On 9 November 2017, another church in the town of Aïn Turk (15km from Oran) was also closed. The authorities claimed the church had been used to “illegally print Gospels and publications intended for evangelism”.
Since December, 25 out of the 45 churches affiliated to the main Protestant Church body in Algeria – the Protestant Church of Algeria (known as EPA, its French acronym) – have been visited by a committee of officials from the Ministry of Religious Affairs, national gendarmerie, intelligence department and fire brigade.
The churches were informed that the visits were aimed at checking compliance with safety regulations, and they were given three months’ notice.
They were also advised to seek permission from the Ministry of Religious Affairs.
On 21 February two churches (among the 25 which received notifications) in the city of Tizi Ouzou, in the eastern province of Kabylie, were asked “to cease all religious activities immediately”.
EPA leaders called the closures “unjustifiable”. They noted that all the affected churches are affiliated with the EPA, which has been officially recognised by the government since 1974.
On Saturday 24 February the EPA called for a week of prayer and fasting for the nation.

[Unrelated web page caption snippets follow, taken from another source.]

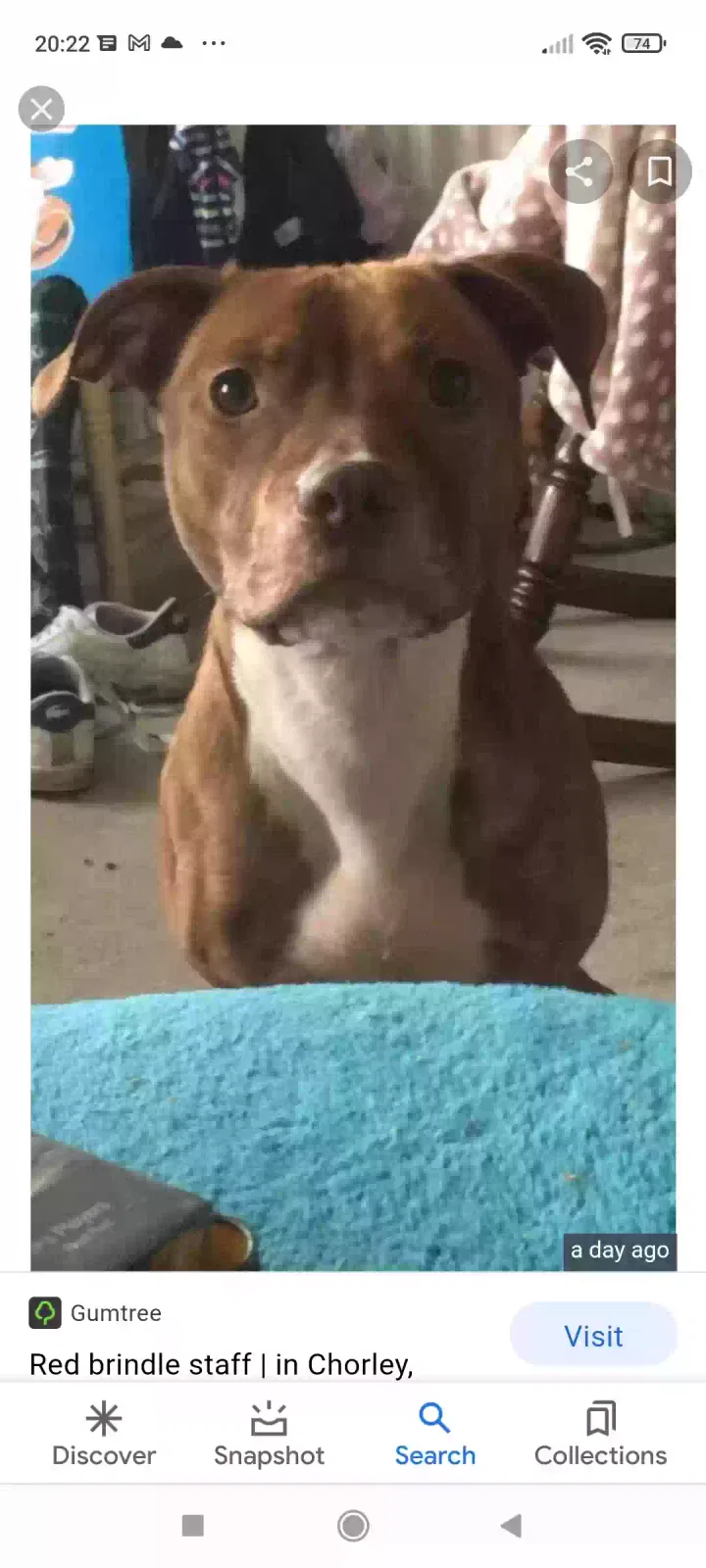 Peggy, Staffy Dog for adoption in Preston, England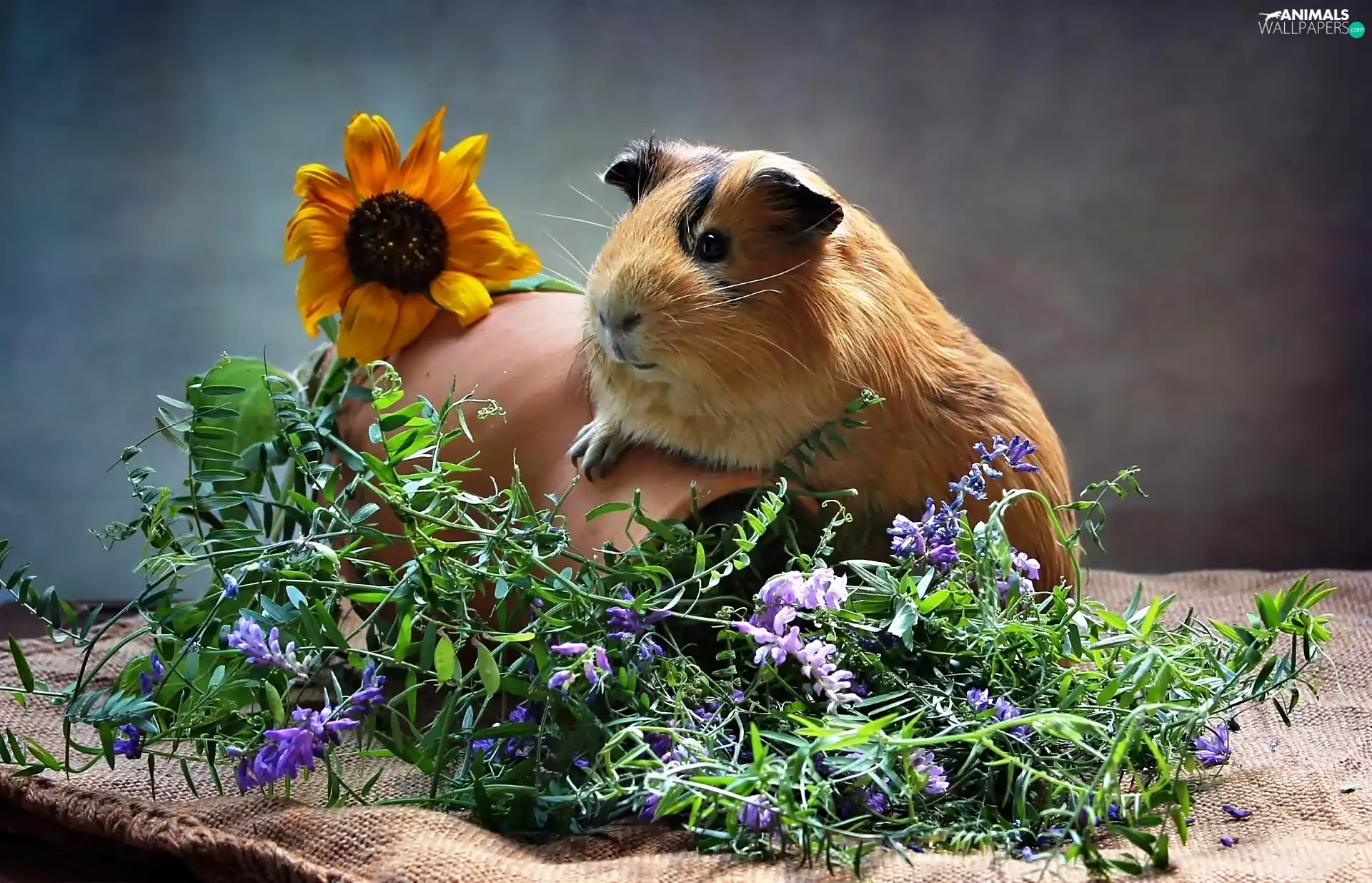 Sunflower, guinea pig, Flowers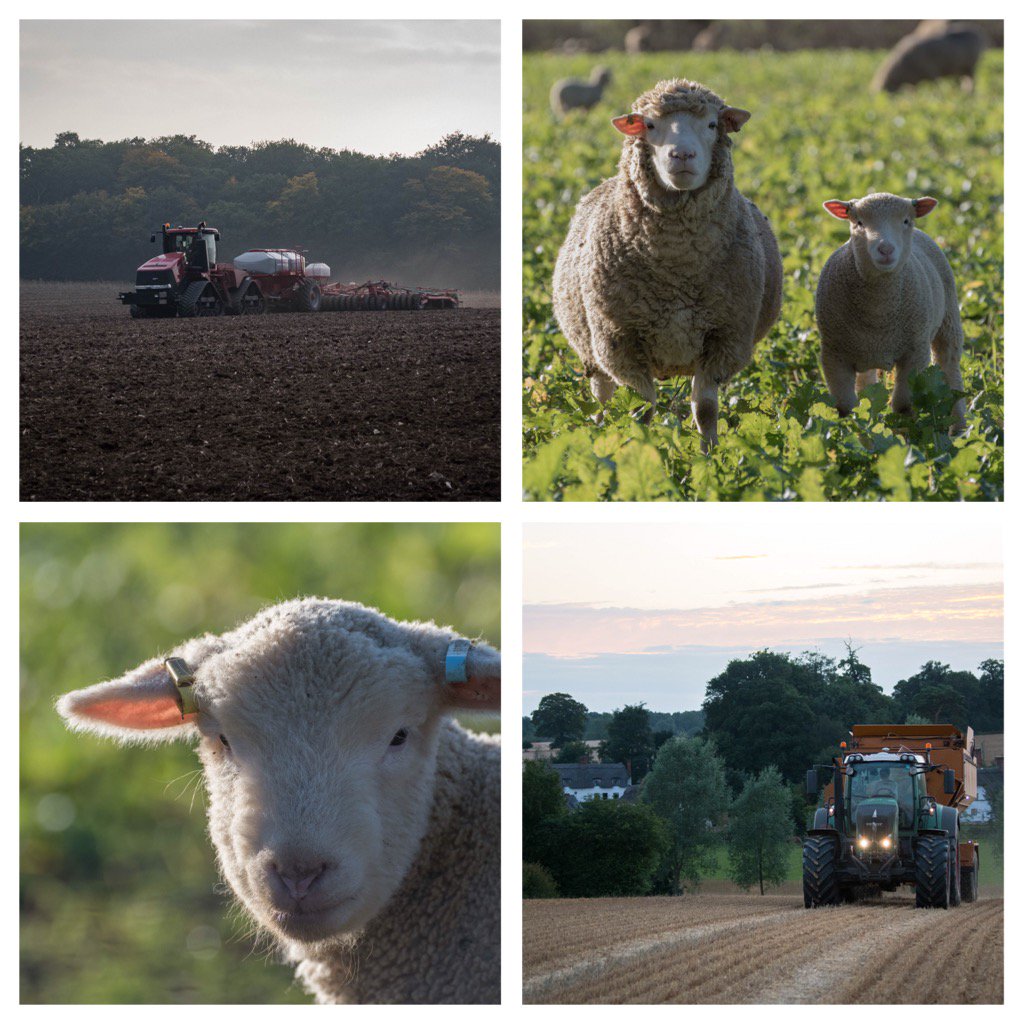 We have an exciting position available for a tractor driver/shepherd. It would possibly suit somebody looking to gain more experience. See ewdaviesfarms.co.uk/jobs/vacancies… for more details.
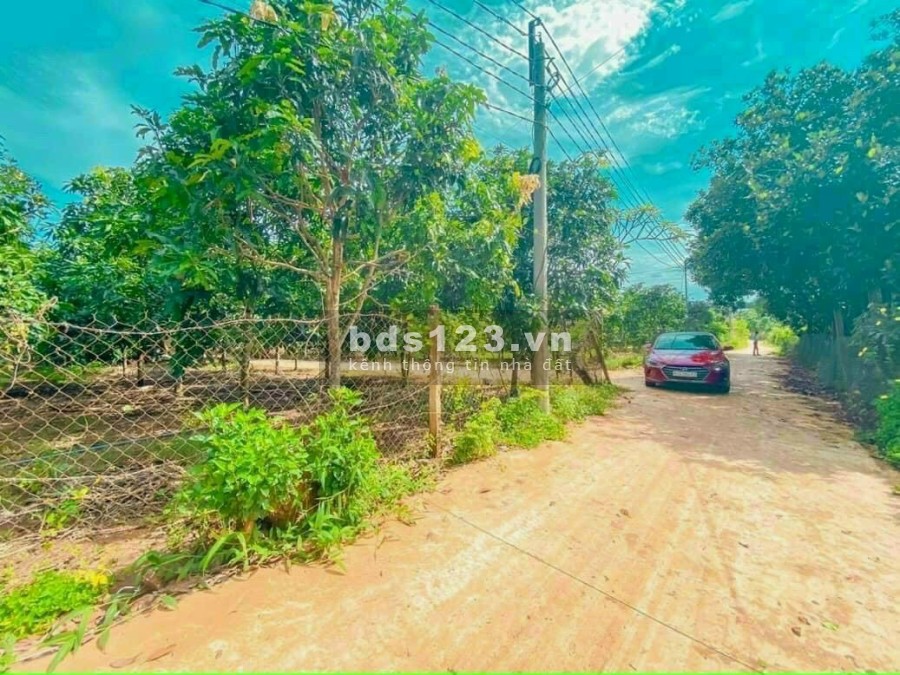 Chính chủ cần bán lô đất vườn nghỉ dưỡng mặt tiền đường đẹp giá đầu tư sinh lời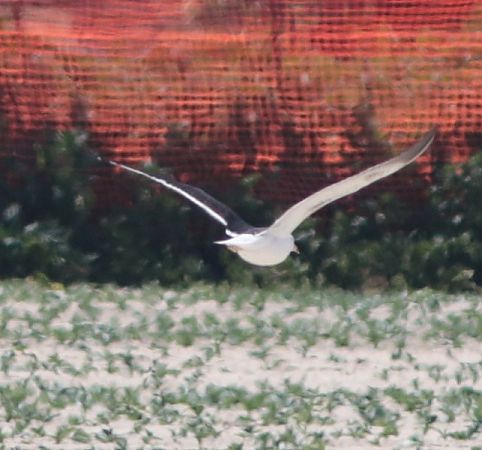 Zafferano nordico  - Guillaume Locatelli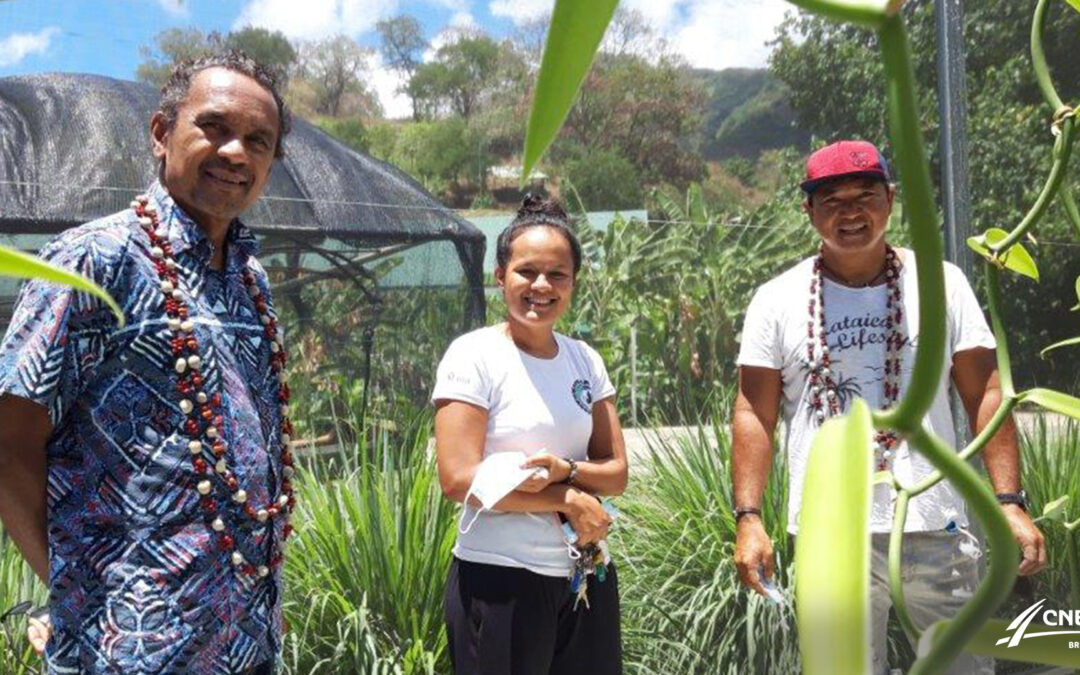 Les actualités marquisiennes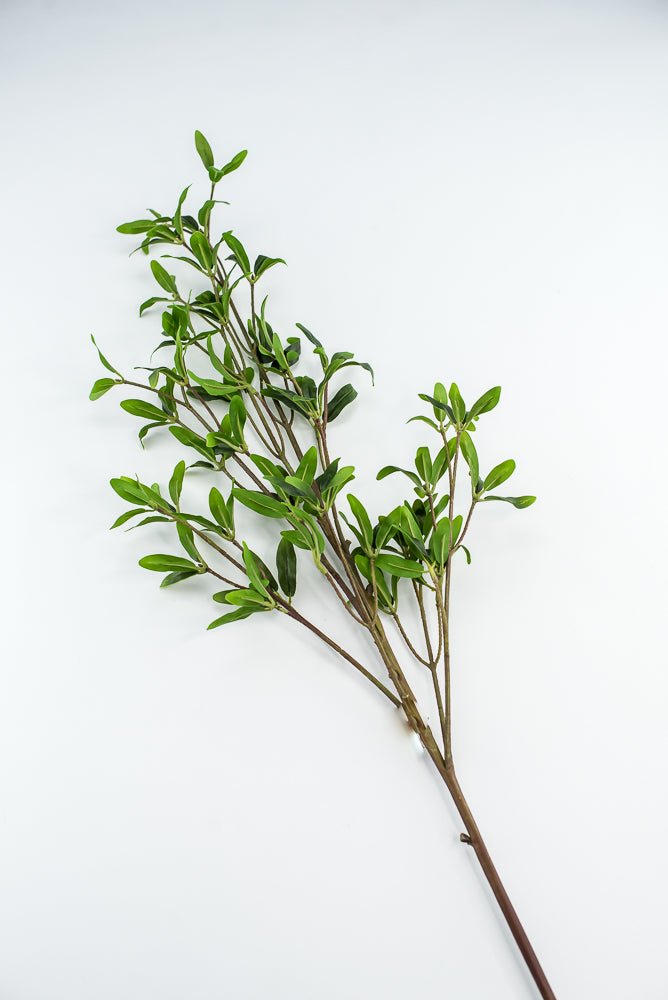 Leaf spray greenery - Greenery Marketgreenery2310319GR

In light of the increasing pressure, the World Evangelical Alliance has also called on the Algerian government “to ensure that the religious freedom of Christians is safeguarded in accordance with international law”.
Godfrey Yogarajah, Deputy Secretary-General of the WEA and head of its Religious Liberty Commission, added: “We also call on the government, in keeping with the country’s constitution, to take all steps necessary to guarantee the freedom of worship for all religious groups in the country.”
Other forms of restriction have been also reported in recent weeks in Algeria.
On 13 December 2017, a French Christian, resident in Oran for several years, was denied re-entry to the country.
Pastor Louis Martinez, in his sixties, is affiliated with the French Reformed Church. He and his wife had been running a private French-language school.
According to Christian advocacy group Middle East Concern, Pastor Martinez was stopped at Oran Airport and asked to submit his residency permit, which had been recently issued and was valid for ten years, and then informed he must leave Algeria.
The authorities gave no reason for his deportation, MEC said. His wife was subsequently able to settle their family and business affairs in Algeria and has recently also left the country.